··· DATASET ENTRIES ···
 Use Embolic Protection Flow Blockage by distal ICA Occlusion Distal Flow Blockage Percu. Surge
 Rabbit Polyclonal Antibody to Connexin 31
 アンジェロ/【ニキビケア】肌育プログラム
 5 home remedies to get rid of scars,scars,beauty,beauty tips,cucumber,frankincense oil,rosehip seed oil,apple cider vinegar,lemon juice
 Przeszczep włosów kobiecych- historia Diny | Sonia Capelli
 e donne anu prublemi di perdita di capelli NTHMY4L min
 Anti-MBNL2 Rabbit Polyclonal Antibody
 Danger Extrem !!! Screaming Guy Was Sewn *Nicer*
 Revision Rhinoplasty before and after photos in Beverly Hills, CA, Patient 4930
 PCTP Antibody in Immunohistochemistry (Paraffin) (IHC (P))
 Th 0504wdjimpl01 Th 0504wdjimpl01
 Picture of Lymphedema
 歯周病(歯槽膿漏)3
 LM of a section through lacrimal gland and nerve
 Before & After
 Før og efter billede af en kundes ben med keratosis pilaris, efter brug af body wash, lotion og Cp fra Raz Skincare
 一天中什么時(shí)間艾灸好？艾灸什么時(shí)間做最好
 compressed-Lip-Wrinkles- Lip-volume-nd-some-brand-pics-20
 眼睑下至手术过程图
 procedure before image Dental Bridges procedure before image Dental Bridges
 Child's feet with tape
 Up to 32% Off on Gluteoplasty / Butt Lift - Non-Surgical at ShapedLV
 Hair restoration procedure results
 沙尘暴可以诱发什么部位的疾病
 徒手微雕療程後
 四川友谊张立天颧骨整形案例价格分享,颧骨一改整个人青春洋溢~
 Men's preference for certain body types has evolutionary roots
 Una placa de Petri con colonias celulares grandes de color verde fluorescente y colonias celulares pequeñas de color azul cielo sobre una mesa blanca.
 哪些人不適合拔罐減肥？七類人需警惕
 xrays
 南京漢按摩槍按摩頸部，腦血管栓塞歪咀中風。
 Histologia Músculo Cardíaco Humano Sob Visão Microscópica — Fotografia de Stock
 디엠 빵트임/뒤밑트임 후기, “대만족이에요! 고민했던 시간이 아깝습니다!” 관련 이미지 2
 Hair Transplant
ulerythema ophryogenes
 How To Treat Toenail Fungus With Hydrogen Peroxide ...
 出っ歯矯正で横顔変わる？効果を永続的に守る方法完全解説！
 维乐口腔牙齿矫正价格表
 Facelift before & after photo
···
** ABOUT THIS EXERCISE **
Give back all of the entries above, unchanged in every word.

** ANSWER SPACE **
 Use Embolic Protection Flow Blockage by distal ICA Occlusion Distal Flow Blockage Percu. Surge
 Rabbit Polyclonal Antibody to Connexin 31
 アンジェロ/【ニキビケア】肌育プログラム
 5 home remedies to get rid of scars,scars,beauty,beauty tips,cucumber,frankincense oil,rosehip seed oil,apple cider vinegar,lemon juice
 Przeszczep włosów kobiecych- historia Diny | Sonia Capelli
 e donne anu prublemi di perdita di capelli NTHMY4L min
 Anti-MBNL2 Rabbit Polyclonal Antibody
 Danger Extrem !!! Screaming Guy Was Sewn *Nicer*
 Revision Rhinoplasty before and after photos in Beverly Hills, CA, Patient 4930
 PCTP Antibody in Immunohistochemistry (Paraffin) (IHC (P))
 Th 0504wdjimpl01 Th 0504wdjimpl01
 Picture of Lymphedema
 歯周病(歯槽膿漏)3
 LM of a section through lacrimal gland and nerve
 Before & After
 Før og efter billede af en kundes ben med keratosis pilaris, efter brug af body wash, lotion og Cp fra Raz Skincare
 一天中什么時(shí)間艾灸好？艾灸什么時(shí)間做最好
 compressed-Lip-Wrinkles- Lip-volume-nd-some-brand-pics-20
 眼睑下至手术过程图
 procedure before image Dental Bridges procedure before image Dental Bridges
 Child's feet with tape
 Up to 32% Off on Gluteoplasty / Butt Lift - Non-Surgical at ShapedLV
 Hair restoration procedure results
 沙尘暴可以诱发什么部位的疾病
 徒手微雕療程後
 四川友谊张立天颧骨整形案例价格分享,颧骨一改整个人青春洋溢~
 Men's preference for certain body types has evolutionary roots
 Una placa de Petri con colonias celulares grandes de color verde fluorescente y colonias celulares pequeñas de color azul cielo sobre una mesa blanca.
 哪些人不適合拔罐減肥？七類人需警惕
 xrays
 南京漢按摩槍按摩頸部，腦血管栓塞歪咀中風。
 Histologia Músculo Cardíaco Humano Sob Visão Microscópica — Fotografia de Stock
 디엠 빵트임/뒤밑트임 후기, “대만족이에요! 고민했던 시간이 아깝습니다!” 관련 이미지 2
 Hair Transplant
ulerythema ophryogenes
 How To Treat Toenail Fungus With Hydrogen Peroxide ...
 出っ歯矯正で横顔変わる？効果を永続的に守る方法完全解説！
 维乐口腔牙齿矫正价格表
 Facelift before & after photo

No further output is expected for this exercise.